Here comes the rude awakening -- partners of men who snore seem to be more affected by the sleep apnoea. This is due to the fact that a man's snoring is characterized by louder gasps and snorts This keeps him awake, as well as anybody within earshot. However, because women's snoring is often much quieter and they tend to have partial or incomplete obstructions, their partner's sleep may not be disturbed and the sleep disorder may go unchecked. Now I lay me down to sleep, I beg of You the silence keeps!!

According to scientists at Washington University School of Medicine in St. Louis, interrupting nerve signals to the liver can prevent diabetes and hypertension in mice.

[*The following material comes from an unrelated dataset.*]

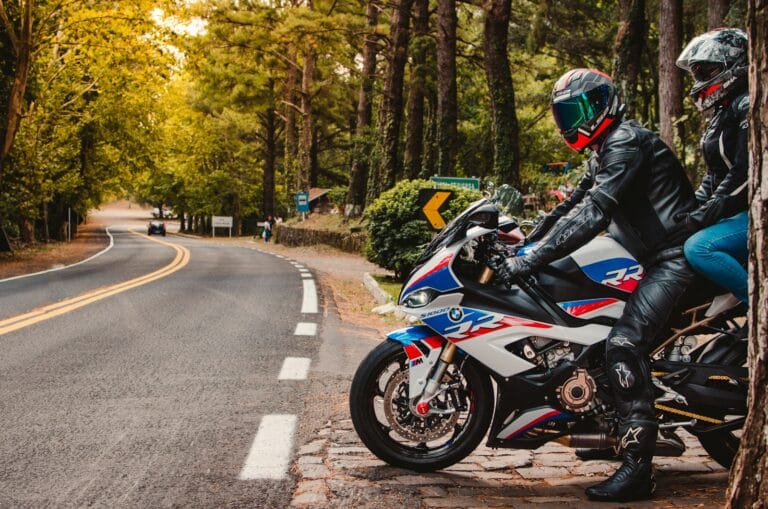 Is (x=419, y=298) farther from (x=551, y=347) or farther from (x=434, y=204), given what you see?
(x=434, y=204)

Mice were treated to become diabetic with glucocorticoids, a class of steroid hormones characterized by an ability to bind with the cortisol receptor. Once diabetes was established, the researchers surgically removed the vagus nerve. The vagus nerve is the only nerve that starts in the brainstem and extends all the way down to the abdomen. More impressive is the fact that once the nerve was removed from the diabetic mice, insulin resistance and high blood pressure was prevented or reversed. This is an interesting discovery because people with asthma, arthritis, and organ transplants often rely on steroid treatments. It just so happens that many of them go on to develop insulin resistance.

Don't go ripping your vagus nerve out just yet. A fun fact about the vagus nerve is that it's name is taken from the Latin word meaning "wanderer". The vagal nerve pathway can influence seizures, depression and other disorders. Although the research is thoroughly enlightening, it is still very green. Hang on to your vagus nerve while the research continues.

According to research conducted by Ohio State University, conjugated linoleic acid (CLA) may help reduce body fat, but it also increases your risk for nonalcoholic fatty liver disease.

In 2003, a study showed that a 2 month supplementation of CLA lowered body mass and blood sugars in diabetics. The recent studies conducted on mice fed a CLA supplemented diet lost weight very fast, but also accumulated excessive amounts of fat in their livers - a side effect of rapid weight loss. In addition, excessive accumulation of fat in the liver is associated with insulin resistance, a factor exacerbating type 2 diabetes.

Although the recent findings were conducted on mice, CLA may or may not have a similar effect on humans. CLA has been a hot selling item in supplement stores for years. I wonder what the results would be if people who have taken CLA (the t10c12 variety) for years were to discontinue use for 4 weeks. I would be curious to see the baseline and follow-up tests for body mass, insulin sensitivity and fat accumulation in the liver. Any med students out there interested in setting-up a lab profiling hepatic function in CLA poppers?